Mikisew Cree First Nation v Canada: a missed opportunity on the path toward reconciliation

By Yvonne Mazurak

The Crown has a legal obligation to consult with Indigenous peoples when its actions may negatively affect their constitutionally-protected rights. This duty to consult and accommodate was established by Haida Nation v British Columbia and is based on the principle of the honour of the Crown, which requires the Crown to act in the best interests of Indigenous peoples.
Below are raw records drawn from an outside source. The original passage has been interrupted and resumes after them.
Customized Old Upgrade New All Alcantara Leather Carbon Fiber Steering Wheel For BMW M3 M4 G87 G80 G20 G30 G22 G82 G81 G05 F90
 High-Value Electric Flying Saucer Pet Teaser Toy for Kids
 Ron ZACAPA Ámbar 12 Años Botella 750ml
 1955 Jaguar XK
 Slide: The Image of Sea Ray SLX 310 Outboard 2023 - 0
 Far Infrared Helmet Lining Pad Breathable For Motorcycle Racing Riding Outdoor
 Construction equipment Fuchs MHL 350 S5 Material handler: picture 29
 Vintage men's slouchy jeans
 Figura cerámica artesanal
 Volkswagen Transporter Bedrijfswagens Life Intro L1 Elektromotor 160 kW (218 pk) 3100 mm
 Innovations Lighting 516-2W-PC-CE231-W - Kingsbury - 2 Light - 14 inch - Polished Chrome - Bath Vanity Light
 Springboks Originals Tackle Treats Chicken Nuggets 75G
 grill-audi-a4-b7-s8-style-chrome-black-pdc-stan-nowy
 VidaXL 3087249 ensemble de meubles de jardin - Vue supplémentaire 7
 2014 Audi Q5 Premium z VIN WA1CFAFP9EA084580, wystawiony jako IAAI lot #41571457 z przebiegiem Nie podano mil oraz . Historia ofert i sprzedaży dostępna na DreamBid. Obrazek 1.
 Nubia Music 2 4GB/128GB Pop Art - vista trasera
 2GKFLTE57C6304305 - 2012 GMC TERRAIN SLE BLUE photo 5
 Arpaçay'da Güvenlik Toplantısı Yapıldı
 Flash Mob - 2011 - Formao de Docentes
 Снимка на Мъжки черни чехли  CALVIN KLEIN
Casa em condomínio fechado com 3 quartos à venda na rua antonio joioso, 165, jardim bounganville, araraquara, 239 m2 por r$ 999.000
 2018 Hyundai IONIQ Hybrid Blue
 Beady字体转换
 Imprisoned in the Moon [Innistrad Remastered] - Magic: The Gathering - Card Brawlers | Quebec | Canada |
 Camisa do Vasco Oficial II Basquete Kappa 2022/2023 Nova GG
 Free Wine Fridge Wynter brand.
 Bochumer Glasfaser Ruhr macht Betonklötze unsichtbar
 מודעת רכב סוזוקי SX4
The Supreme Court of Canada has provided guidance regarding the circumstances that trigger the duty to consult (a recent case is Tsilhqot'in Nation v British Columbia), but not until the Mikisew decision—released on October 11—had it confirmed whether this duty applies to the enactment of legislation.

Some hoped when Haida was released in 2004 that it would “set the stage for meaningful engagement with Indigenous peoples around the development of laws and avoid potential legal challenges to enacted legislation that adversely affects Aboriginal and Treaty rights.” Fifteen years later, Mikisew is a step in the opposite direction.

The Decision

The Mikisew are descendants of an Indigenous group that adhered to Treaty No. 8. Signed with the Queen in 1899, the treaty has been described as “a comprehensive framework that allows First Nations and the newcomers to collectively uphold all the rights and privileges of Treaty No. 8.” These include hunting and fishing rights.

In 2012, the Minister of Finance under the Harper administration introduced legislation that included sweeping amendments to several environmental laws, including the removal of protections for forests and waterways and changes to fishing laws. The changes were of great concern to many groups, organizations and individuals for their impact on the environment and Indigenous rights and interests, and it was in response to the bill that Idle No More formed.

The Mikisew challenged the government’s failure to consult during the development of the bill by filing a judicial review. At trial, the court granted a declaration that the duty was triggered. The Federal Court of Appeal, however overturned the decision, holding that the lower court erred in conducting a judicial review of the legislation, and that assigning the duty to ‘legislative action’ goes against the principles of the separation of powers and parliamentary privilege.

The Mikisew appealed to the Supreme Court of Canada.

Unanimously, the Court agreed that the Federal Court lacked jurisdiction to conduct judicial review of decisions made by Ministers exercising legislative power. On whether the legislation triggered the duty to consult, four opinions (generally expressing 3 positions) were issued.

Justices Karakatsanis, Wagner and Gascon held that the duty to consult does not “apply well” to legislation. Recognizing the duty in this context would involve the Court ruling on how legislation is formulated, and therefore violate the separation of powers. They also said that interfering with legislation would violate “parliamentary sovereignty,” which allows Parliament to introduce any legislation it sees fit. It was additionally held that recognizing the duty in this context would “be highly disruptive” to the legislative process and could “effectively grind the day-to-day internal operations of government to a halt.” Recognizing that this ruling could “undermine the endeavor of reconciliation,” they suggest that protections other than the duty to consult could arise to “give full effect to the honour of the Crown.”

Justices Brown, Rowe, Moldaver and Côté agreed that the duty is not triggered because it attaches to exercises of Crown power and law-making is a parliamentary process.

Justices Abella and Martin agreed regarding jurisdiction but argued that the honour of the Crown “infuses the entirety of the government’s relationship with Indigenous peoples” and therefore the duty extends to legislation before it has been enacted.

Deciding Against Reconciliation

In the words of the TRC, reconciliation can be generally understood as involving “awareness of the past, acknowledgement of the harm that has been inflicted, atonement for the causes, and action to change behaviour.” The doctrine of the duty to consult and accommodate is an important development in the path toward reconciliation. By failing to recognize the duty in the legislative context, Mikisew leaves Indigenous peoples vulnerable to the infringement of their rights.

Unfortunately, the alternative protections that currently exist do not compare to consultation since they are only available once the legislation has been passed. Litigation, however, is expensive and time-consuming, making it unsuitable for many. It also achieves less legitimacy than the negotiation that arises from consultation, as the latter allows parties to participate more directly and constructively. Backward-looking approaches also allow for harm, often irreparable, to be done before it can be challenged. For these reasons, the Court noted in Haida that “while Aboriginal claims can be and are pursued through litigation, negotiation is a preferable way of reconciling state and Aboriginal interests.”

Further, despite Canada being a signatory to UNDRIP, the Declaration was not mentioned in the decision. The decision, however, directly contradicts Article 19, which says "States shall consult and cooperate in good faith with the Indigenous peoples concerned…before adopting and implementing legislative or administrative measures that may affect them."

The Court had an opportunity to make another step toward reconciliation, by recognizing and affirming treaty rights and Canada’s stated commitment to implementing UNDRIP. Unfortunately and troublingly it decided against it.